When he attempts to take on a massive wave, Utah meets “eco-warrior” Bodhi (Edgar Ramirez), the man who turns out to lead the gang of thieves. Utah infiltrates the group and works on the case while he deals with potential challenges to his loyalty.
No one ever confused the 1991 Point Break for a great movie, but it offered silly fun. The film never took itself especially seriously and it benefited from that attitude, as it delivered enough action and thrills to entertain.
By contrast, the 2015 Break comes with much bigger delusions of grandeur. I won’t say it packs itself with pretensions, but with its emphasis on “eco-warriors” and the spiritual quest, it feels more than a little full of itself. Yeah, the original sported some of that emphasis as well, but it didn’t seem quite as infatuated with its own self-righteousness.
The 2015 Break also comes utterly devoid of the originals spirit. Again, I won’t make out the 1991 film to be any sort of classic, but it did muster reasonable vivacity and verve. The remake lacks any of the same goofy elan, as it seems overly somber and self-serious.
Granted, I should probably appreciate the filmmakers’ efforts to deviate from the prior film’s template. It focuses on the same bones as the 1991 flick but creates enough differences to let it exist as its own entity.
Unfortunately, the results fail to intrigue or entertain. Again, that sense of self-seriousness becomes oppressive, which means we never find ourselves involved in the proceedings. We follow Utah, Bodhi and the others on their adventures but don’t invest in any of these.
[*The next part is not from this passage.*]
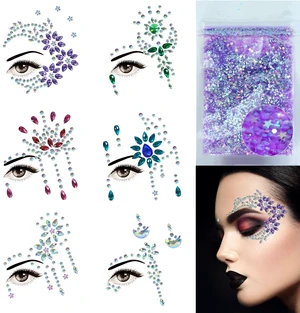 Face Jewels 6 Sheets Self-adhesive Stickers, 10g Chunky Glitter | Face Gems Stick On, Face Rhinestones Crystals Mermaid Fairy Euphoria Eye Body Makeup Rave Festival Outfit Decoration Face Jewels 6 Sheets Self-adhesive Stickers, 10g Chunky Glitter | Face Gems Stick On, Face Rhinestones Crystals Mermaid Fairy Euphoria Eye Body Makeup Rave Festival Outfit Decoration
It doesn’t help that the stunts/action scenes seem strangely lifeless. Some of these elements boast real potential to dazzke, but they come across as oddly flat. Intellectually, I recognize the thrills on display, but emotionally, these scenes don’t connect, so no excitement ensues.
The characters remain flat and turgid, and the actors fail to bring any personality to them. They stick with that overly sober, dramatic sensibility that ensures the roles remain dull. It’s hard to feel tension when you don’t care of characters live or die. The participants seem so morose and anonymous that no emotion results.
Break also seems to forget to include a plot. Isn’t Utah supposed to be an FBI agent on the trail of criminals? You’ll be forgiven if you forget that narrative arc, as the filmmakers ignore it to an enormous degree.
Instead, we find endless scenes in which the characters look serious and spout New Age nonsense about enlightenment and whatnot. Point Break suffers from its inability to figure out what to do with its source material. That means it ends up as boring and ponderous without an ounce of excitement on display.